Family planning: A cost effective-development tool
Low spending on family planning results in high maternal and infant mortality rates and affects the economy adversely, writes Poonam Muttreja.
Family planning is the surest and the quickest way to better the physical and economic health of a nation. As the Narendra Modi government rolls out its budget for 2016-17, there is an expectation that the amount earmarked for family planning will be adequate to meet the very urgent needs of a young nation.

After a series of budget cuts faced by the health sector last year, which affected resource availability on the family planning front as well, it has become all the more imperative that this time sufficient provision is made. If not, the cost of inaction in family planning would be compounded for the country. This will translate into not just loss of health and life, but of education opportunities, livelihoods, earnings and the overall well-being of our people.
Family planning is increasingly being recognised as a cost effective development option, one that improves the health of the people and consequently the labour force, boosts the economy and at the same time gives women the opportunity to participate fully as citizens. The recently concluded International Conference on Family Planning saw global interest with participation from 80 countries, keen to learn from each other on how to make it work.
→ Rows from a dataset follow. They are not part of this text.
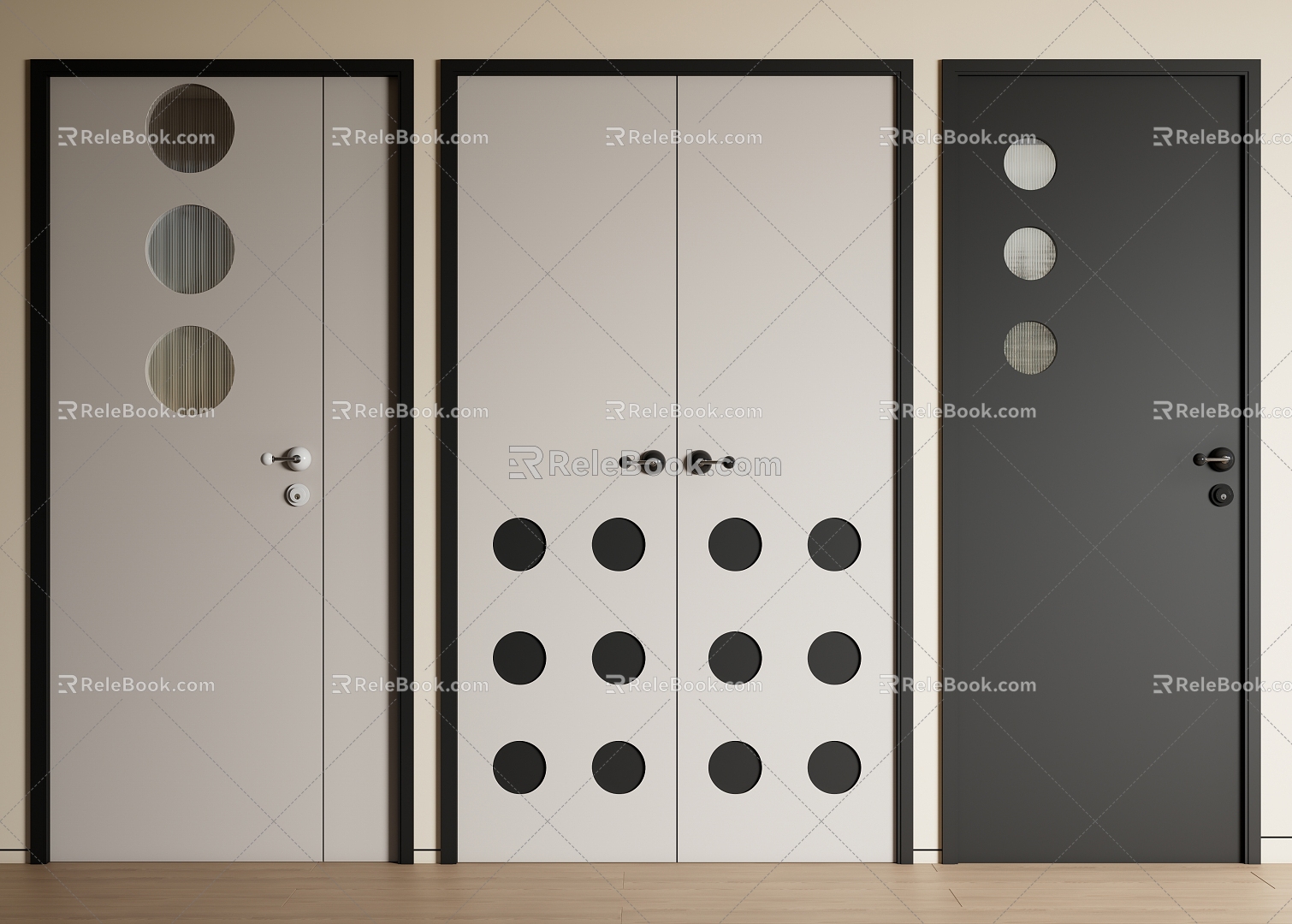 Middle Ancient Flat Door Hole Door Glass Single Door Door 3d model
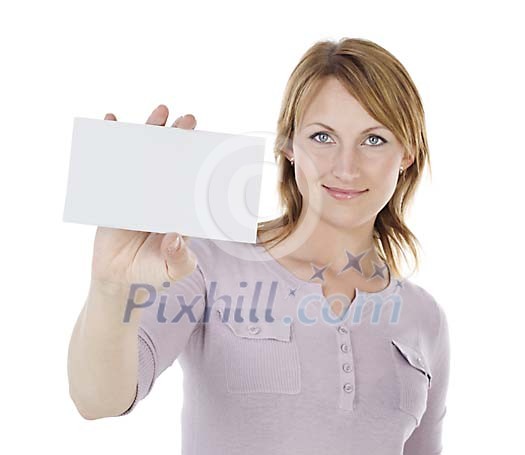 Woman showing an empty businesscard Woman showing an empty businesscard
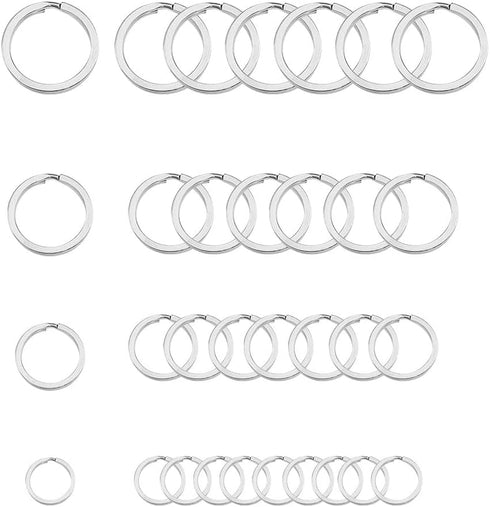 Split Key Rings, Round Split Key Rings, Keychain Split Rings, Stainless Steel Round Flat Split Keychain Ring, 4 Sizes (1/2 inch, 3/4 inch,1 inch, ...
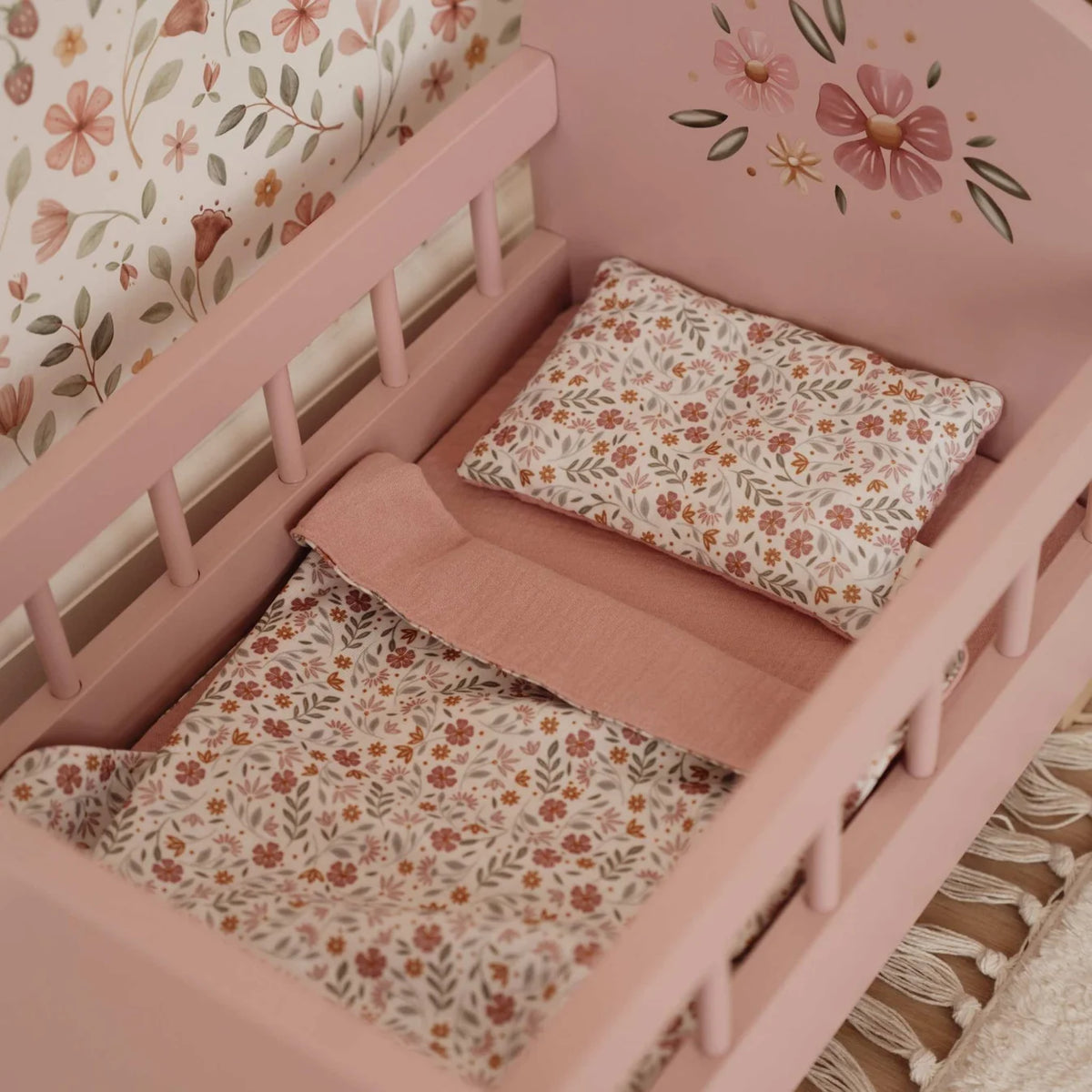 Wooden Doll Bed Fsc With Textiles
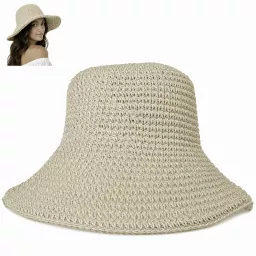 Kapelusz Słomkowy R257A Kloszowy Bucket Hat Szerokie Rondo Beżowy Lato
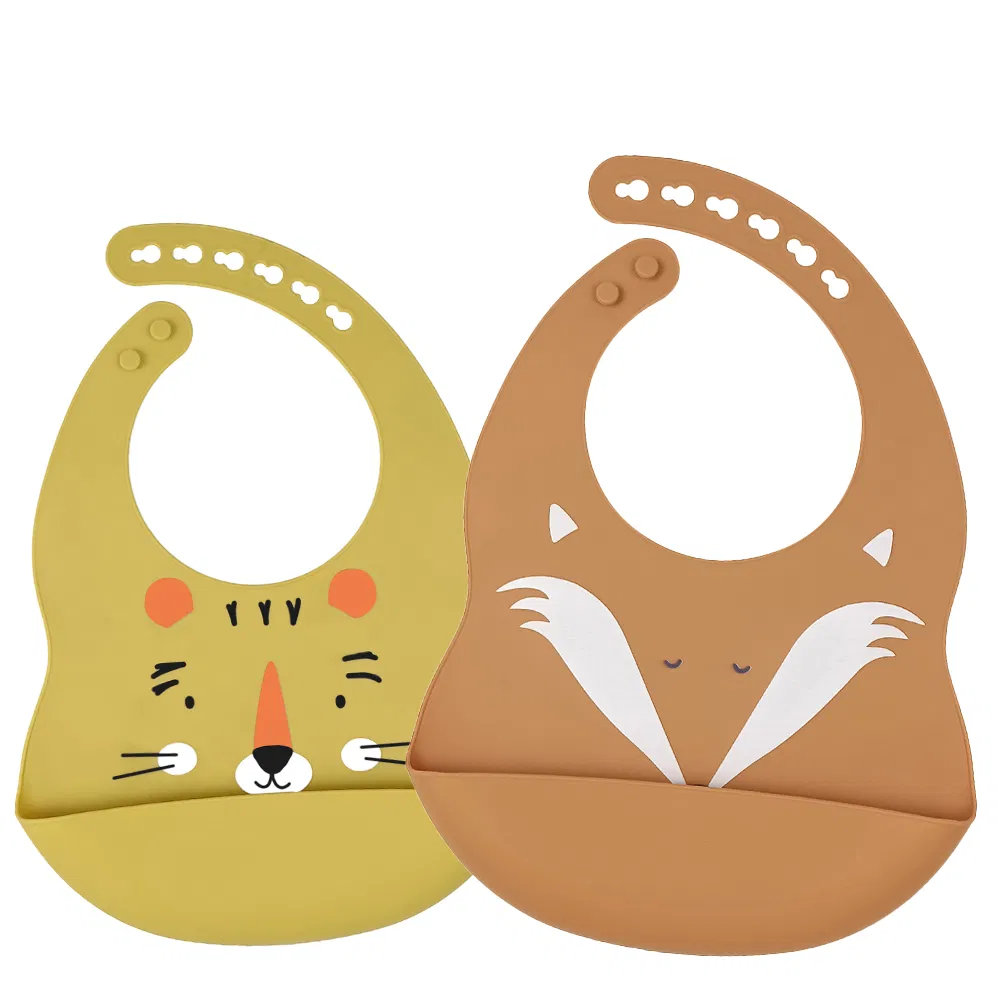 OEM Custom Baby Silicone Bibs Waterproof Soft Apron Animal Shape Colorful Printing Bib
Addressing the Indian caucus at the conference, JP Nadda, minister of health and family welfare, had committed to making available improved quality family planning services and expanding the choice of contraceptives for spacing — a dire need for young couples. The recent decision of the Ministry to introduce injectables in the public health system is a good first step. A lot more needs to be done.
Here are some telling figures: Forty six per cent of eligible couples do not practise family planning. Almost 21% of births every year in the country are unplanned, because the people do not have access to contraceptives. Almost 60% of births (1.6 crore births) every year have a birth interval of less than 36 months, the ideal gap that gives a woman time to recoup ensuring better health for herself and the newborn. As many as 6.3% of the births (17 lakh births) are to girls too young to bear children — in the age group of 15-19 years. The consequence of all this is that over 150 women continue to die every day due to pregnancy related causes and many more suffer great morbidity.
The country has been paying a heavy price for the persistent unmet need for family planning. Too early, too quick and too many pregnancies take a toll on women and girls, especially when quality of care is inadequate. Unplanned pregnancies make for a higher infant mortality rate and poor health for both mother and child. Moreover, the reverberation of a maternal death is large, directly impacting the health, education and well-being of her children. The economic health of the country suffers, as a person in the prime of life is lost.
A study commissioned by Population Foundation of India (PFI) has revealed that the cost of unplanned children ranges from 2% of state GDP in Tamil Nadu to 8% in Uttar Pradesh, to 14% of state GDP in Bihar. The costs include that on child birth and rearing as well as the total government expenditure on the unplanned children.
India’s spend on health care was only 1.04% of the GDP in 2013-14, which is about 4% of the total government expenditure. China spends 2.8%, Russia 3.6%, South Africa 4.1% of their GDP. The Finance Commission’s move to increase the state’s share in taxes from 32% to 42% in 2015-16 may have led to states having more funds to spend in the social sector. But states like Uttar Pradesh, Bihar, Odisha and Andhra Pradesh, which need to put a greater focus on health, get only meagre amounts, not enough to meet the necessary expenditure on health and family welfare. Moreover, as states have competing priorities in human resources and infrastructure, diversion of funds from the health sector is a reality.
The 2014-15 budget saw an 87% reduction for family welfare compared to the earlier year. In the 2015-16 budget, the family welfare share was further reduced by 34%. Given the poor health indicators in the country, these cuts were surprising. Under the National Health Mission (NHM), the share of family planning is as low as 2% of the total NHM budget and 6% of the reproductive and child health (RCH) budget.
The effect of not spending enough on health and family planning in particular can be seen in the high maternal and infant mortality rates India faces, among the worst in the world. It can be seen in poor infrastructure, insufficient access and poor healthcare services. The result — 70% of all out-of-pocket expenditure on health by our people is in the private sector, driving nearly 50 million people into debt and poverty every year.
A PFI study shows that India needs Rs 187.3 billion in the coming four years (almost Rs 47 billion per year) if it has to cover 48 million new users of contraceptives by 2020 (all by the public health system), a commitment made by India at London Summit on Family Planning in 2012. This is Rs 113.8 billion more than what is projected by the government budget allocation.
It is time the government allocates the much needed resources and gives family planning a boost. Family planning is a key investment. Let us use it to our advantage.
Poonam Muttreja is executive director, Population Foundation of India.